## DATA PROVIDED
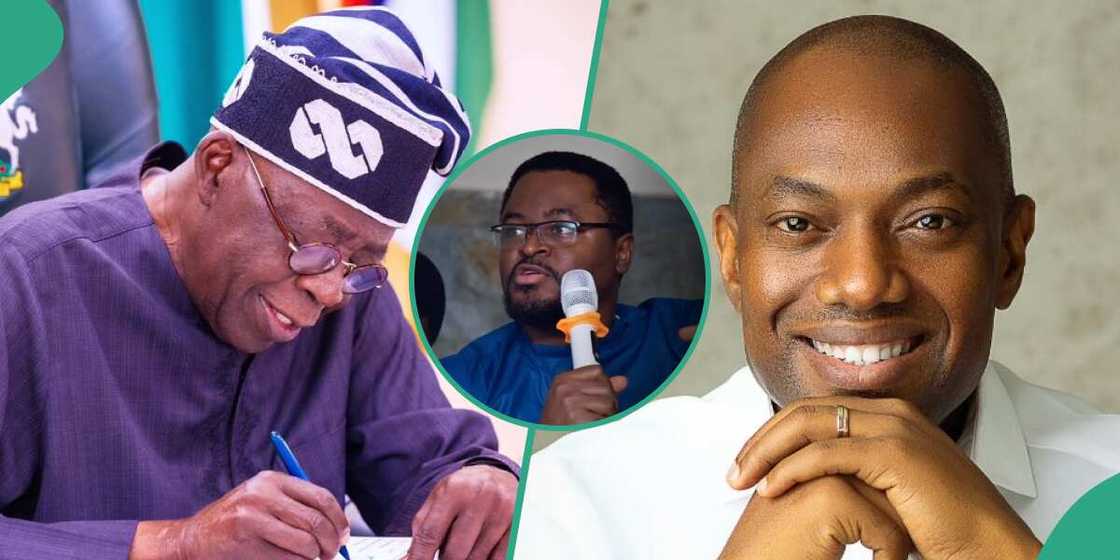 Bola Tinubu, presidential media team, Mr. Fela Durotoye, Mr. Fredrick Nwabufo Bola Tinubu, presidential media team, Mr. Fela Durotoye, Mr. Fredrick Nwabufo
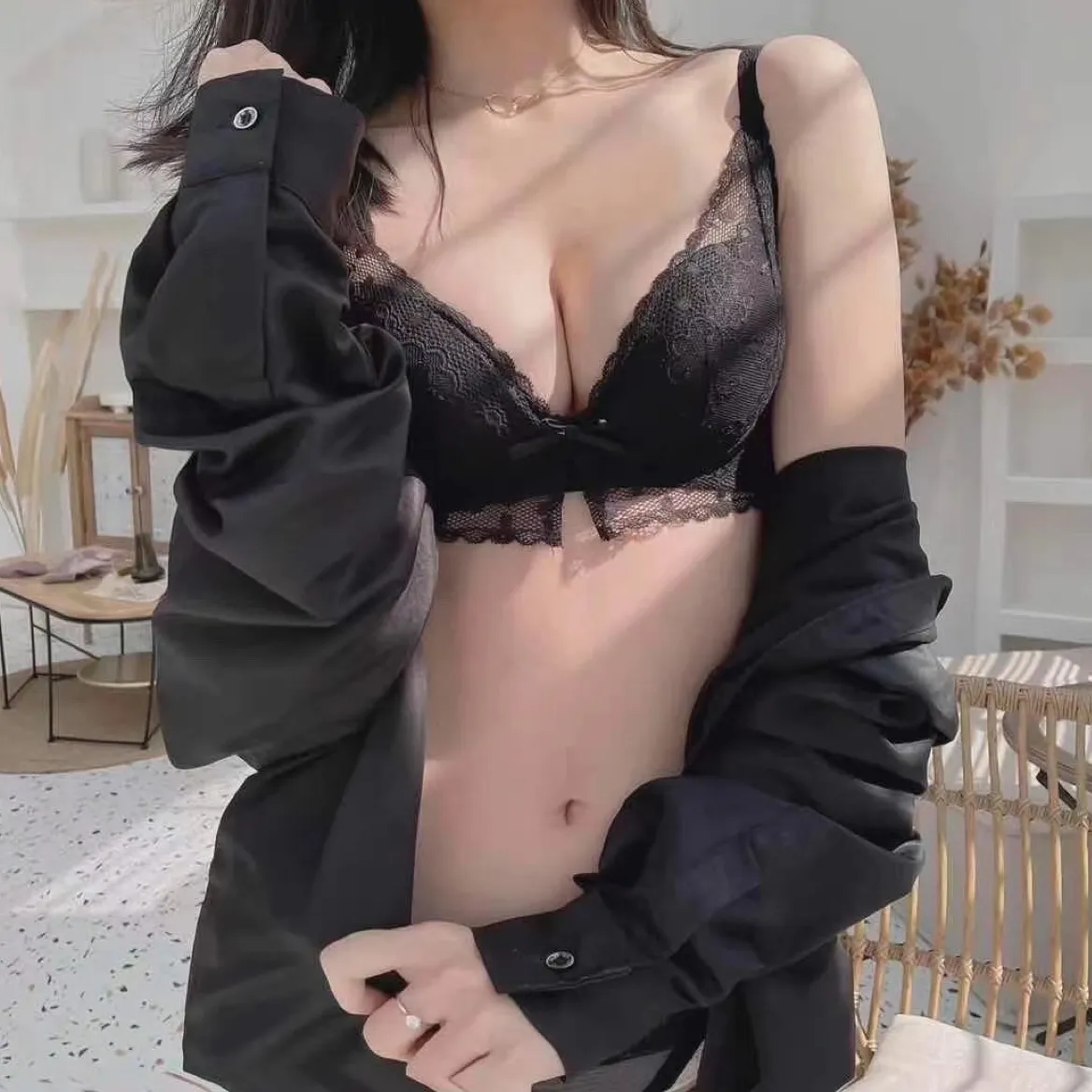 ボリュームUP 補整 脇高 A-Bカップ ノンワイヤー 盛れる 育乳 ブラ・ショーツセット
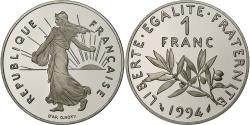 World Coins - France, 1 Franc, Semeuse, 1994, Paris, Série BE / Proof, Nickel,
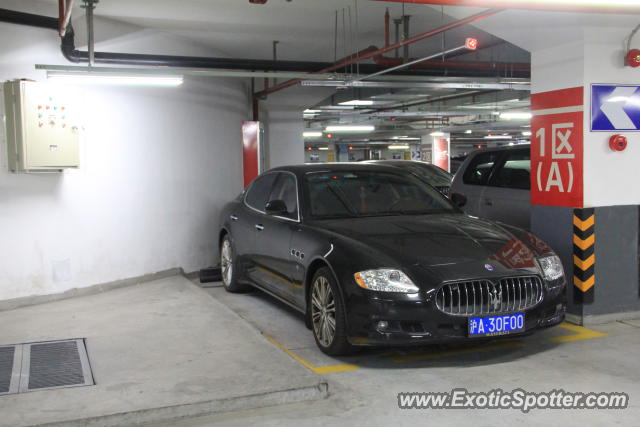 Maserati Quattroporte spotted in Shanghai, China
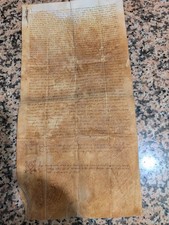 Pergamena anno 1445 usato  Castelleone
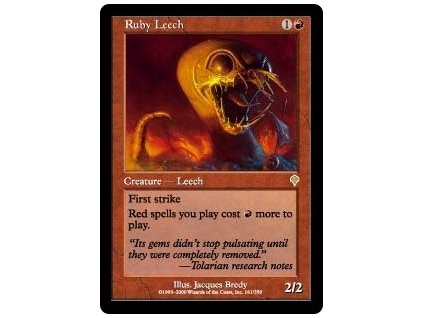 Ruby Leech (Foil NE, Stav Near Mint)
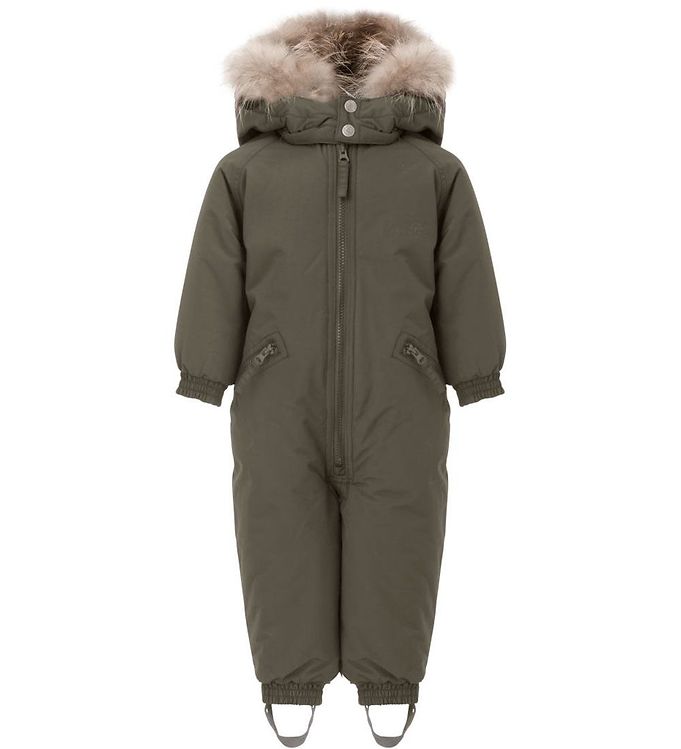 Ver De Terre Flyverdragt M. Pels Dark Moss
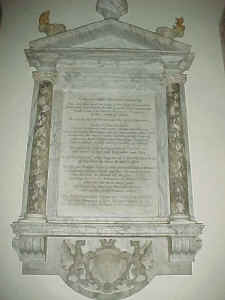 Culpeper Monument, All Saints, Hollingbourne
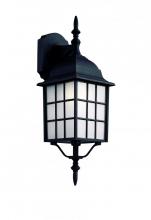 Trans Globe 4420-1 BK - San Gabriel 19.5" Wall Lantern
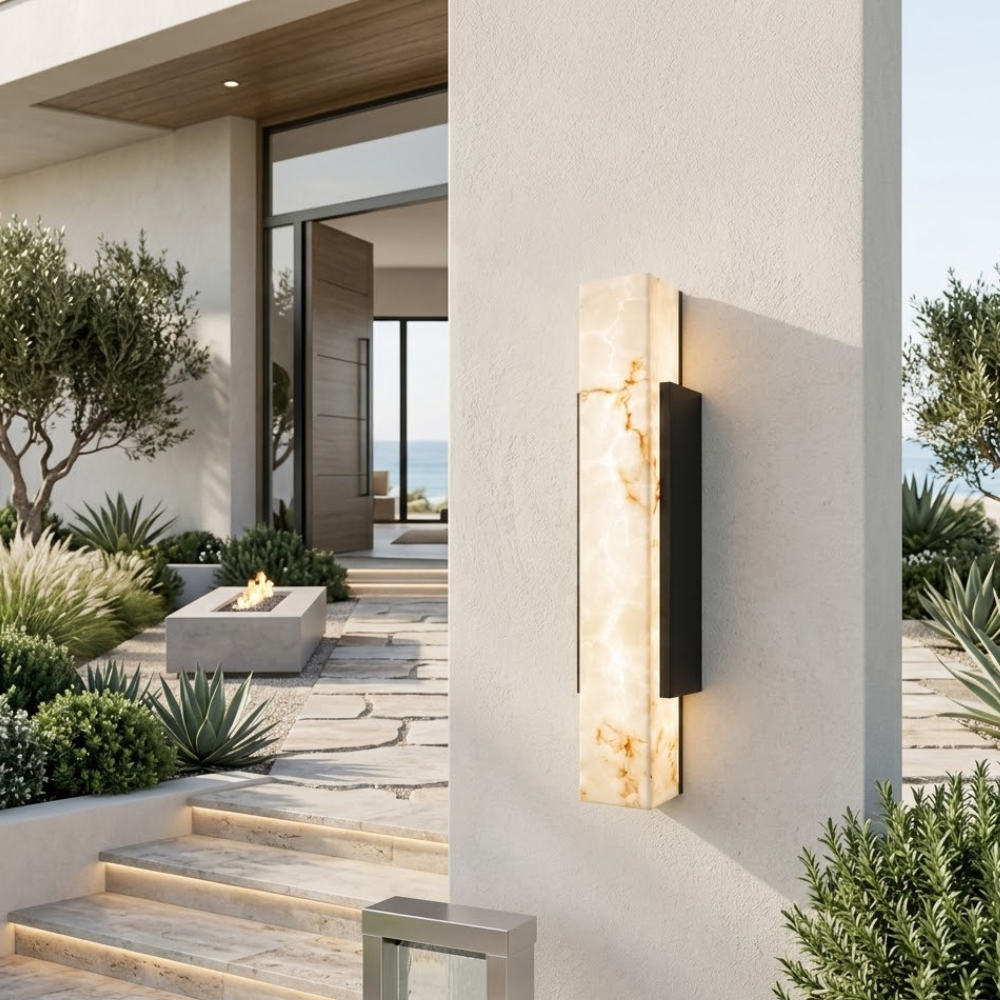 Luz de Pared Exterior Duradera - Aplique LED Integrado con Clasificación IP65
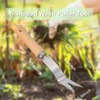 27cm Weed Puller Tool,Y-Shaped Manual Weed Puller with Wooden Handle,Stainless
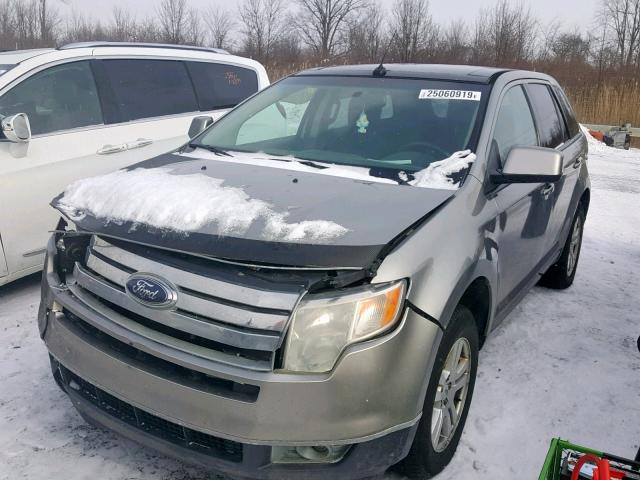 2FMDK48C08BB33204 - 2008 FORD EDGE SEL SILVER photo 2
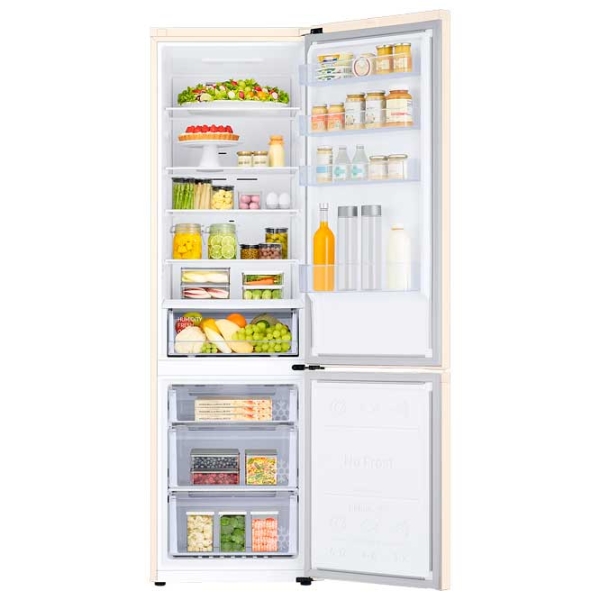 Frigider Samsung RB38C600EEL/UA Beige 273l / No Frost, 112l / No Frost, E photo 5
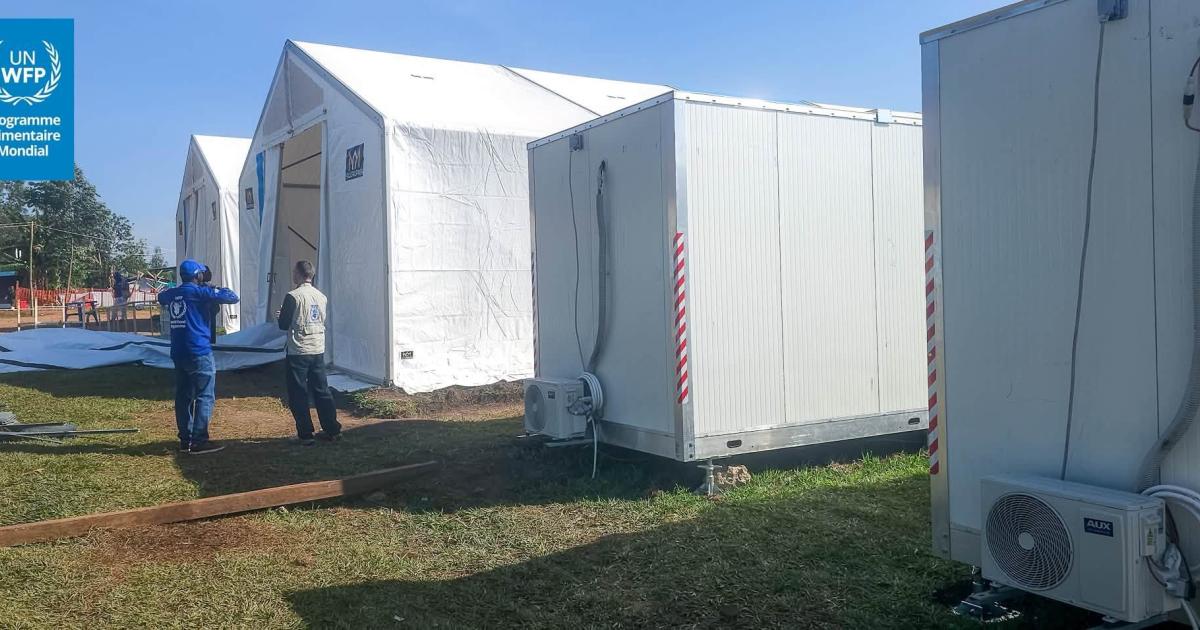 Ituri: In Lita, WFP hands over a logistics base of over 240 m² to the government to strengthen the response against Ebola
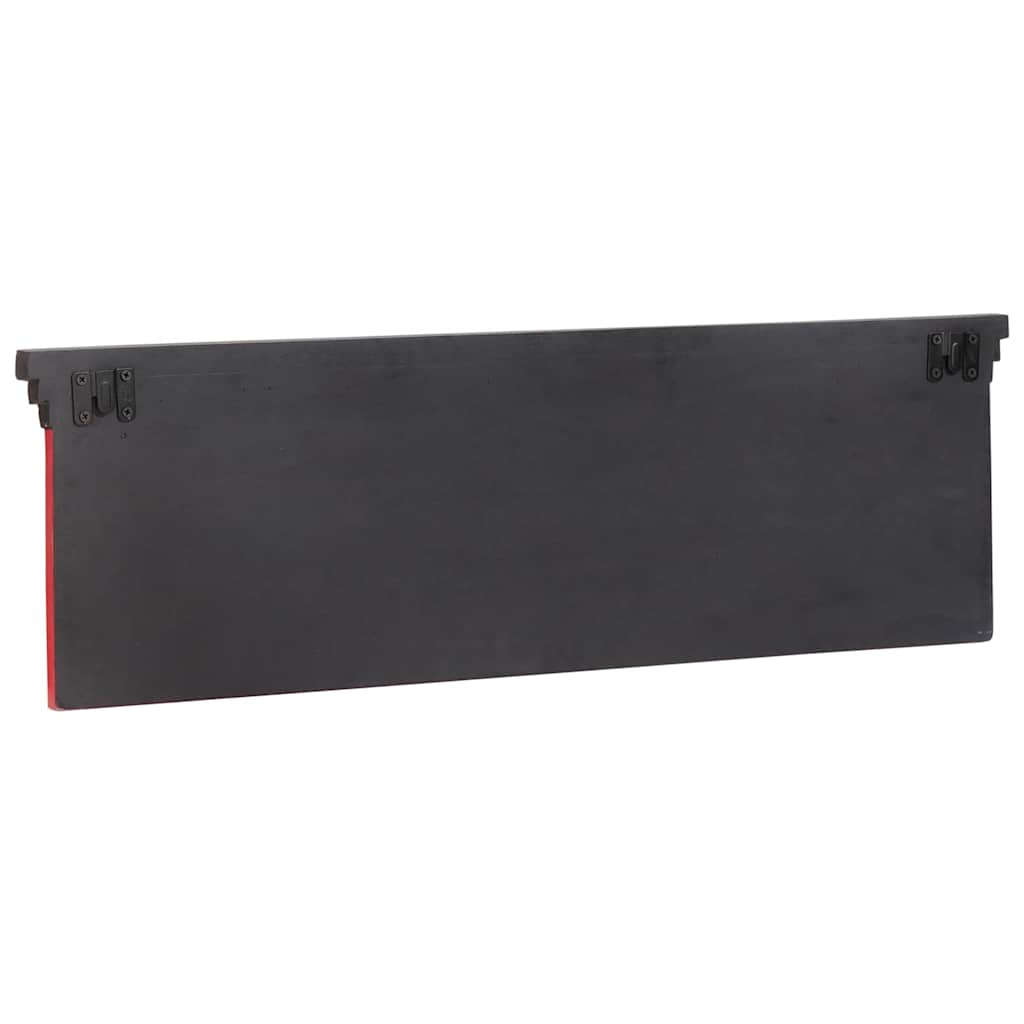 vidaXL Wieszak na płaszcze Czarny 80 x 25 x 2 cm Drewno z mango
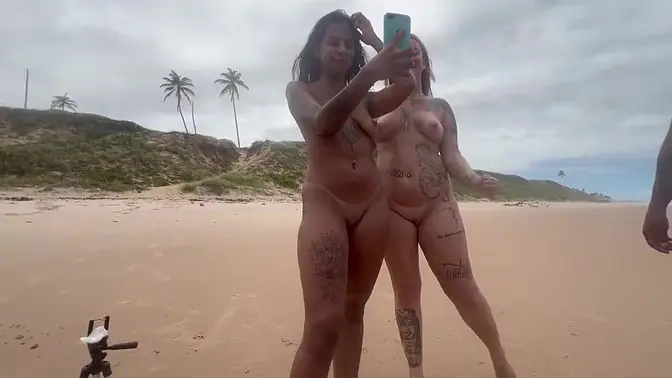 Beach babe gets fucked in public view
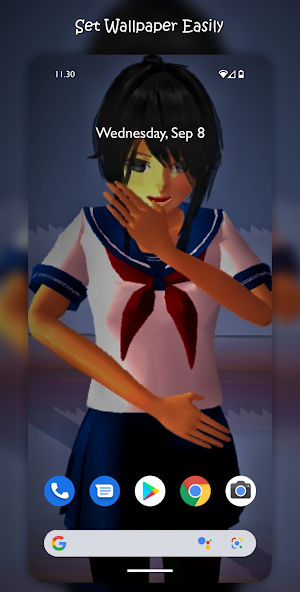 Cute Sakura School Wallpaper Screenshot 2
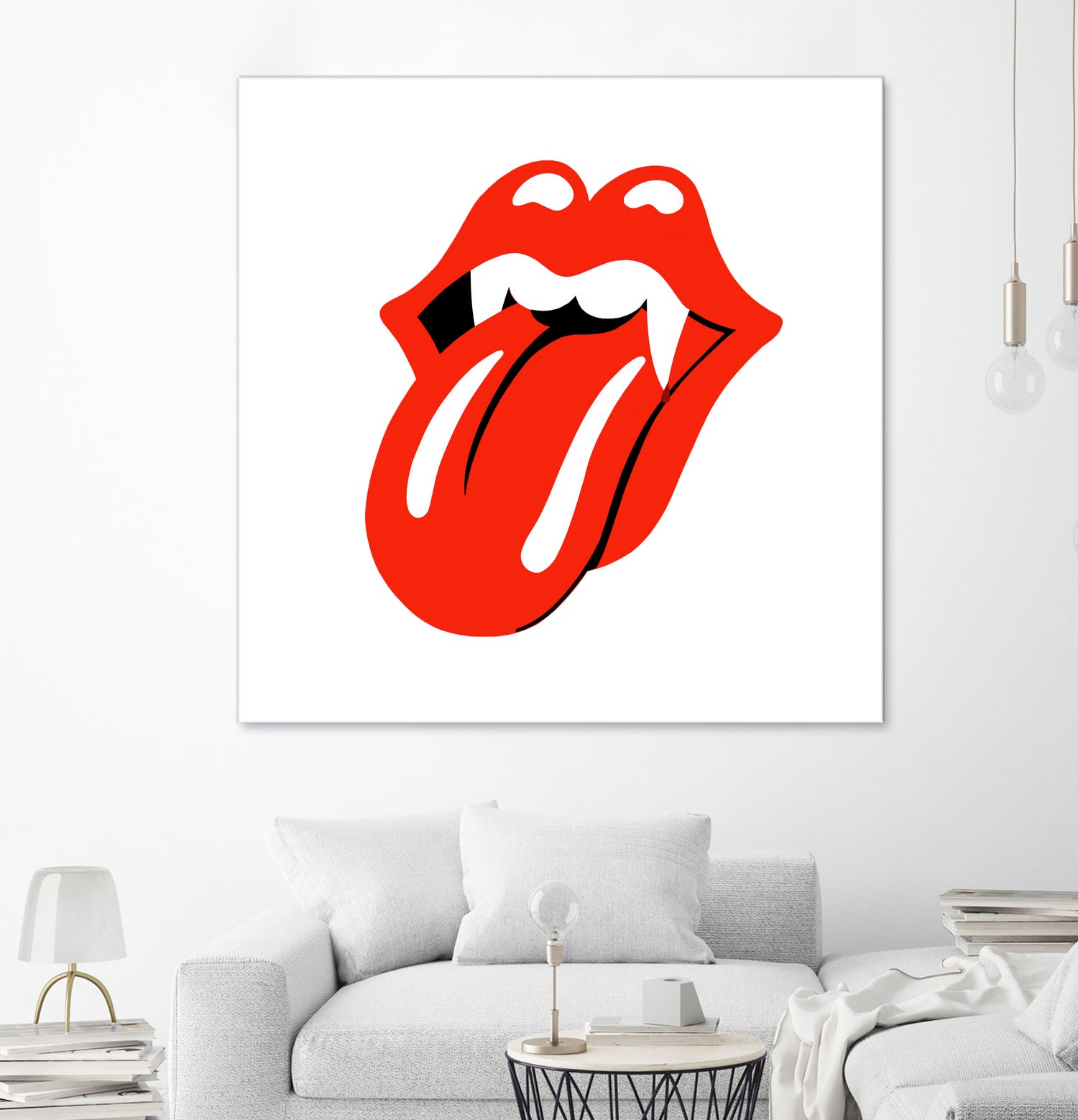 Rolling Stones vampire edition by Bekir Ceylan on GIANT ART - red digital painting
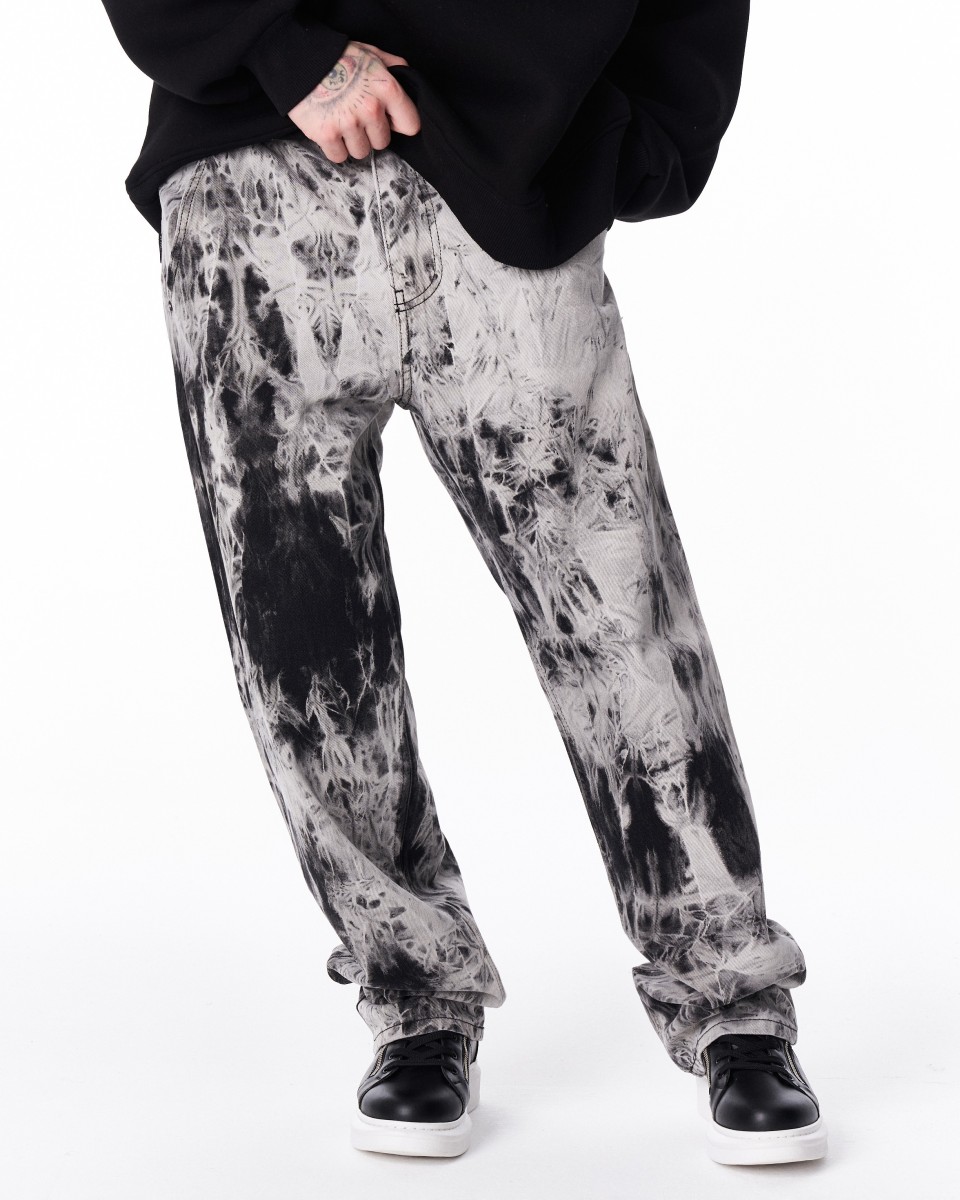 Jogger com Tie-Dye Bicolor Preto e Branco | Martin Valen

## PROBLEM DETAILS
Every line above in the stretch from the one with "27cm Weed Puller" through the one with "Frigider Samsung RB38C600EEL/UA" is to be transcribed exactly, ends included. No picture is copied.

## OUTPUT OF THE TASK
 27cm Weed Puller Tool,Y-Shaped Manual Weed Puller with Wooden Handle,Stainless
 2FMDK48C08BB33204 - 2008 FORD EDGE SEL SILVER photo 2
 Frigider Samsung RB38C600EEL/UA Beige 273l / No Frost, 112l / No Frost, E photo 5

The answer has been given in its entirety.